The protestors strongly expressed that the candidates should be encouraged to express themselves in any Indian language, along with a qualifying level examination of English language. Since independence, efforts were being made to give civil services the status of the representative service, which resulted in the current situation where candidates belonging to poorer and deprived classes, too, were able to participate in the civil services.
After many parties had objected the new rules that made English mandatory and made it tougher for students to answer the exam in regional languages. After a huge controversy, the Government has come in to a decision that for now, no changes shall be made to the UPSC Examinations This Year.
However, the issue had an end. The IAS exam aspirants shall breathe out with happiness now.
Before we are out of the conflict lets recall a few statements which brought students and states against UPSC's decision. Below are a few statements which said about the changes.
Starting this year, students who have cleared preliminary exams were to take a test of their English skills worth 100 marks. Their result in this test would count towards their overall score. Earlier, candidates who made the first cut would, in the second stage, give two exams - in a regional language and English. These scores would not count in their overall performance, but were intended to test their communication skills.
Further, students taking the 'mains' (those who've cleared the prelim stage) would no longer be allowed to take their exams in a regional language unless it was the main language of instruction in the school they graduated from. Currently, many aspirants who may come from 'English-medium' schools prefer to take the exams in a regional language they are more comfortable with.
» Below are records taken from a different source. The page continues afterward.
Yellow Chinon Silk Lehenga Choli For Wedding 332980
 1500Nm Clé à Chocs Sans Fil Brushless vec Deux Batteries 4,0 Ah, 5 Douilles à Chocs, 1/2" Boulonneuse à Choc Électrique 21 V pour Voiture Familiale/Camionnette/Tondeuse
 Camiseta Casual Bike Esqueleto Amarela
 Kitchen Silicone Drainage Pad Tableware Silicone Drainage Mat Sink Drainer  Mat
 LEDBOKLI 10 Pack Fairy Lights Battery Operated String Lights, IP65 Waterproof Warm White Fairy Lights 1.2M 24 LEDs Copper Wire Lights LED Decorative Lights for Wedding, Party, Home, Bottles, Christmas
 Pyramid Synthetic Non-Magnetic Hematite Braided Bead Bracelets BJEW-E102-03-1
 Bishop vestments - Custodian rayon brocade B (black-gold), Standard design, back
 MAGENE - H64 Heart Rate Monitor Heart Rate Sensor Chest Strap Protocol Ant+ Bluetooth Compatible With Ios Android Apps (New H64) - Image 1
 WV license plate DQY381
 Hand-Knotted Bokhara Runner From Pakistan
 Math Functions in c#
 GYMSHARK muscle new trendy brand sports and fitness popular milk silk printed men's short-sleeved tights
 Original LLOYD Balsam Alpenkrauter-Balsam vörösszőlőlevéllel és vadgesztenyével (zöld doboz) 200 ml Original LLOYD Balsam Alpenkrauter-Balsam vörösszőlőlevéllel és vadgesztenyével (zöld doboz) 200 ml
The new rules dictated that unless there are at least 25 candidates opting for a particular language, students would have to answer exams in either English or Hindi, which most states say is discriminatory and unfair.
The changes had been attacked by the chief ministers of Gujarat, Madhya Pradesh and Tamil Nadu - Narendra Modi, Shivraj Singh Chouhan and J Jayalalitha. They had written to the Prime Minister, asking him to reverse the decision. In Maharashtra, the Shiv Sena had threatened to disrupt the Commission's exams in the state if its demand to include Marathi in the syllabus was not met.
Finally the issue was raised in the Parliament today. Well, the decision was very clear that there shall be no changes in UPSC IAS examination this year. But still, what about the next upcoming years. Is it a toughest time coming up for future applicants.